After dropping in-jokes for the art crowd on “Picasso,” Jay calls out some unlikely assailants (his audience), letting us know of our weight on his shoulders, shouting “Don’t forget, America, this is how you made me.” True, we’ve made his name a synonym for excellence, but for an emcee who penned the literal blueprint for 21st Century rap, Hova, in rare form, isn’t giving himself enough credit. With Magna Carta... Holy Grail, Mr. Carter laid down another instant classic, 16 tracks of wit and undeniable hooks, over a seamless mix of chopped and screwed-meets-old school boom-bap production.
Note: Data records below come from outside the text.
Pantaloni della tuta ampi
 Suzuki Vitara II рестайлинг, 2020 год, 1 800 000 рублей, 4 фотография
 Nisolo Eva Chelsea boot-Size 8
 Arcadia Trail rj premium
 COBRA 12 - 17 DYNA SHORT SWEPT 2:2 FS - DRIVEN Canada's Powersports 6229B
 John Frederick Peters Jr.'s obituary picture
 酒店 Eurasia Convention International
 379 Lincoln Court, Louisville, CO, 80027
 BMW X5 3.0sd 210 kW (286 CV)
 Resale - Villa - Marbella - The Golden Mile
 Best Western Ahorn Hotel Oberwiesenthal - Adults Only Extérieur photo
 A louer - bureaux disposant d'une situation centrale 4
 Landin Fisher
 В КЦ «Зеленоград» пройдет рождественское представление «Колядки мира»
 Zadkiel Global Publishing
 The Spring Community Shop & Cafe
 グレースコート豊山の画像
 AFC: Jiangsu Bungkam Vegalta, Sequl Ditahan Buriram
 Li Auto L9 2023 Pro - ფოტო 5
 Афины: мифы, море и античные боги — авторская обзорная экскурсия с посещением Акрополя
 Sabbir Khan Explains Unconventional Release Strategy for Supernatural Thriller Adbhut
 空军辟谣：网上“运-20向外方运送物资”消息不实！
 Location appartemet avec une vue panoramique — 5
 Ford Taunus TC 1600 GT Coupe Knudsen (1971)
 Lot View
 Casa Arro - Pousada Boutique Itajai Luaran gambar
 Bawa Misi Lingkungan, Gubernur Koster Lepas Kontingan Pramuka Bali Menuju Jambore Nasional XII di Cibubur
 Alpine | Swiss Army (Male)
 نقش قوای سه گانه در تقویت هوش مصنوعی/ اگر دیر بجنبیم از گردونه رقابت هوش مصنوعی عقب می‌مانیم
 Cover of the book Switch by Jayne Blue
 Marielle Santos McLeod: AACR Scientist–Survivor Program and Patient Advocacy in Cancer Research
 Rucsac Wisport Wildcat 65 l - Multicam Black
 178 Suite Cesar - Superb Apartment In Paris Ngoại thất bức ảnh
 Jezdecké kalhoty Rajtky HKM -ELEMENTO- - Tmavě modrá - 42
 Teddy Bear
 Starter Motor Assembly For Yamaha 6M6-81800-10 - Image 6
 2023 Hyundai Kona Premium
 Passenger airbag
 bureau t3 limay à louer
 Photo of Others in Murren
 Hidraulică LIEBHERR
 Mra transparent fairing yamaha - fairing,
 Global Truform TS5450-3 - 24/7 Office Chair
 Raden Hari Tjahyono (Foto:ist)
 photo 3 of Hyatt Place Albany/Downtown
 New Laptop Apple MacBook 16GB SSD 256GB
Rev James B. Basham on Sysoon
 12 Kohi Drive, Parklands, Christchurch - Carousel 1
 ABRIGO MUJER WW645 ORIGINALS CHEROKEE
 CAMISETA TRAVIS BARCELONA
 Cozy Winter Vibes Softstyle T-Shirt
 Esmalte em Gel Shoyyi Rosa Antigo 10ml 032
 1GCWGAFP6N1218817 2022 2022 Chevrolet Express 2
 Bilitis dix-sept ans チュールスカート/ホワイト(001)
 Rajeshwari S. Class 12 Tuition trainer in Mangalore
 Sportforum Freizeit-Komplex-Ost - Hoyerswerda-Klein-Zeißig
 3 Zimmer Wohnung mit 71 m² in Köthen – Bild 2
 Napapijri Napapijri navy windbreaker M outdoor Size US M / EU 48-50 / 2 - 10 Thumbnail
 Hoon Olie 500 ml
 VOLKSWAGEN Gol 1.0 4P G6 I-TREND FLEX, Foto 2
From the sickly-sweet opening licks of Justin Timberlake, to Frank Ocean waxing on the legacy of slavery and Jay’s Queen coming back for a follow-up to “03 Bonnie & Clyde,” the cameos bring in enough variety to keep hip-hop heads hooked for such a long release. But don’t be mistaken — the real power on Magna Carta lies with Jay’s nimble, yet commanding delivery and a Dream Team producer crew of Timbaland, The Dream and Pharrell. Hova keeps it funny, playfully copping from “Smells Like Teen Spirit” without losing the racial consciousness of his best work, dropping his “Strange Fruit” on “Oceans” and calling out Miley for her recent act of accidental racism (“Twerk Miley Twerk”).
Putting his 12th album on the shelves on July 4 sheds light on Jay’s intentions. As if it wasn’t already clear, he wants to go down as an American icon. Jordan, Jackson, Carter. Whether the Samsung deal — selling a million copies before a single soundbite was heard via a pre-sale app — will go down as a marketing ploy or a game-changer, Brooklyn's idol steamrolled through the hype. You've made yourself, Jay.